- Govt is preparing to double down on the pain with a belt-tightening budget of tax hikes.
- Pakistani rupee has fallen around 14% since May to reach a historic low.
- Officials have put a brave face on the situation, saying that the impact on the poorest will be softened by welfare cushions.
ISLAMABAD: When Pakistan’s annual inflation rate hit 11.5% in November, the statistics office put a number on a phenomenon that was already painfully clear to the poor and the salaried middle-class voters who carried Prime Minister Imran Khan to power three years ago.
Now the government is preparing to double down on the pain with a belt-tightening budget of tax hikes and spending cuts required to release a $1 billion tranche of International Monetary Fund (IMF) bailout cash.
“I never thought it would become so difficult to survive,” said Sibte Hasan, a 43-year-old construction supervisor from Pakistan’s second-biggest city Lahore.
As consumer price inflation has accelerated into double digits, with staples like flour, sugar, oil and rice doubling in price over recent months, the Pakistani rupee has fallen around 14% since May to reach a historic low.
The government officials are expected to release official figures this week when it presents a special supplementary budget to cabinet.
But already it is clear that a raft of sales tax exemptions will be scrapped and new levies will be raised on fuel as well as some imported goods.
The IMF agreed last month to revive a stalled $6 billion funding programme launched in 2019 but demanded further fiscal measures as part of a broader structural reforms package covering areas from the power sector debt to corporate governance, climate change and trade policy.
Last month the central bank also tightened the screws, raising its key interest rate by 150 basis points to 8.75% to try to stem surging inflation, a slide in the Pakistani rupee and a current account deficit that has widened to $5.2 billion (July-Oct), and trade deficit to $20.59 billion (July-Nov).
The government officials have put a brave face on the situation, saying that the impact on the poorest will be softened by welfare cushions and pointing to progress in addressing Pakistan’s chronic tax collection problem.
“Prudent fiscal reforms have helped in improving the tax-to-GDP ratio and improving revenue generation,” Finance Adviser Shaukat Tarin told a conference last week.
The government has also had some relief from the immediate pressure on public finances with a $3 billion loan from Saudi Arabia that arrived this month.
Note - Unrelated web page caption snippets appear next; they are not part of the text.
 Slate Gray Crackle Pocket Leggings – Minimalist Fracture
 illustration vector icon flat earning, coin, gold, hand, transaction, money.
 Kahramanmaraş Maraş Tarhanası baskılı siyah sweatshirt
However, whether the fiscal measures will be enough to stabilise public finances sufficiently to allow the government to address Pakistan’s underlying economic problems remains unclear.
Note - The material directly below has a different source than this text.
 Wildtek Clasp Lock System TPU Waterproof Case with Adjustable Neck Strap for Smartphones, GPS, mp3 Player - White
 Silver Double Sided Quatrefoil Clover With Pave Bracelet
While consumers have faced higher household bills, the impact has also been felt in the business sector through high energy prices and raw materials costs as well as the recent sharp rise in interest rates.
“Our production is falling rapidly,” said textile mill owner
Sheikh Muhammad Akbar. “My unit is not generating its targeted production because of expensive raw materials and high production costs,” he told Reuters.
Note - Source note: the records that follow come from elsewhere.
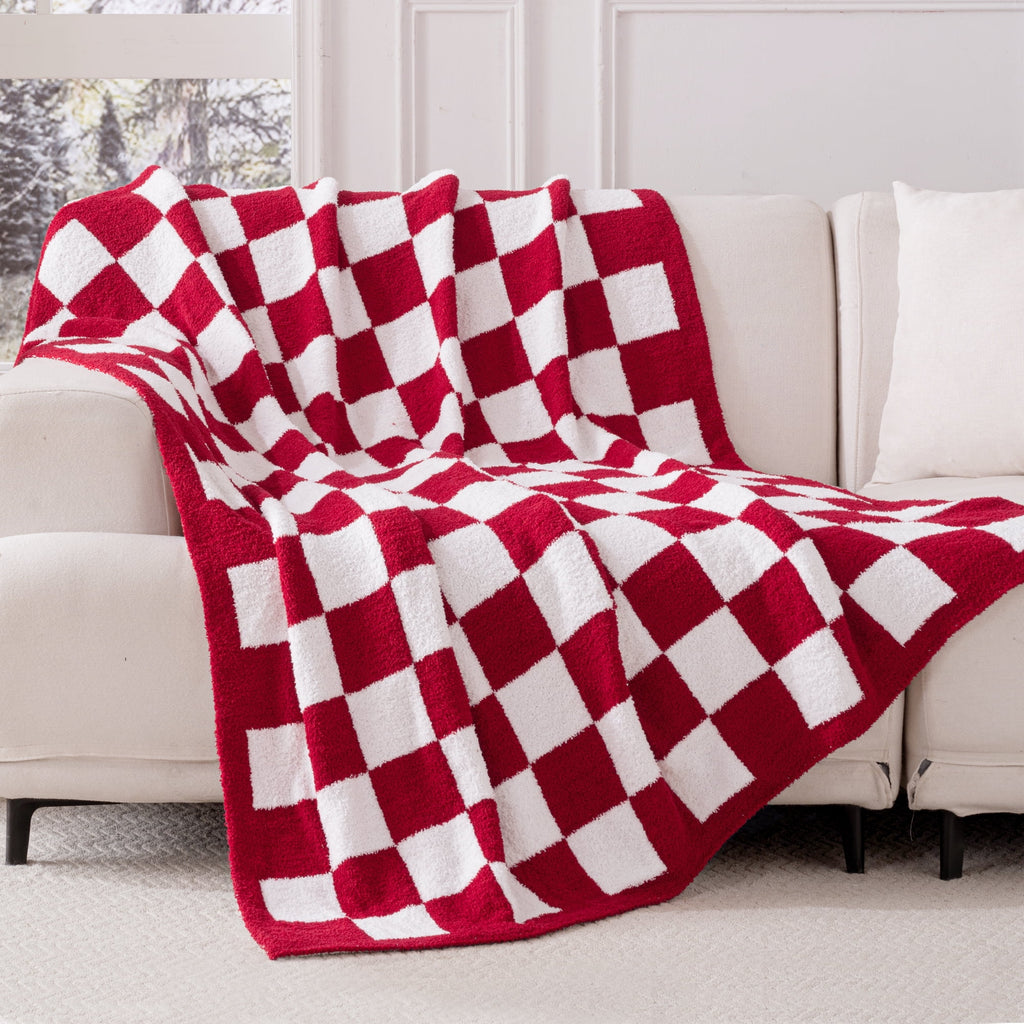 Checkered Knit Throw Blanket, Ultra Soft Cozy Fluffy Checkerboard Blankets, Lightweight Fuzzy Plush Throw for Couch a... - Image 2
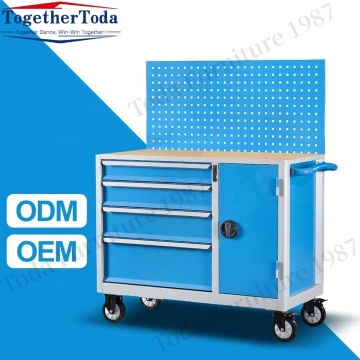 4 Draw Trolley Blue Tool Cart Cabinet
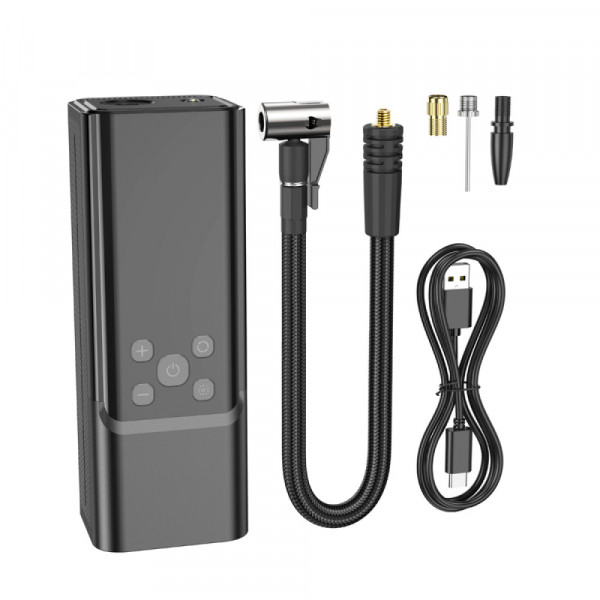 Портативний повітряний насос HOCO ZP7, до 10 атм, вбудований акумулятор 5000mAh, ліхтарик, Black, Box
Pakistan’s debt-bound economy has long been hobbled by problems ranging from a wasteful and inefficient power sector to weak tax collection, poor productivity and minimal value added exports.
But loose monetary policy and an over valued exchange rate papered over some of the problems, helping the economy rebound from the coronavirus slowdown to grow 3.9% last year, even while the fiscal and current account deficits widened, threatening the stability of public finances.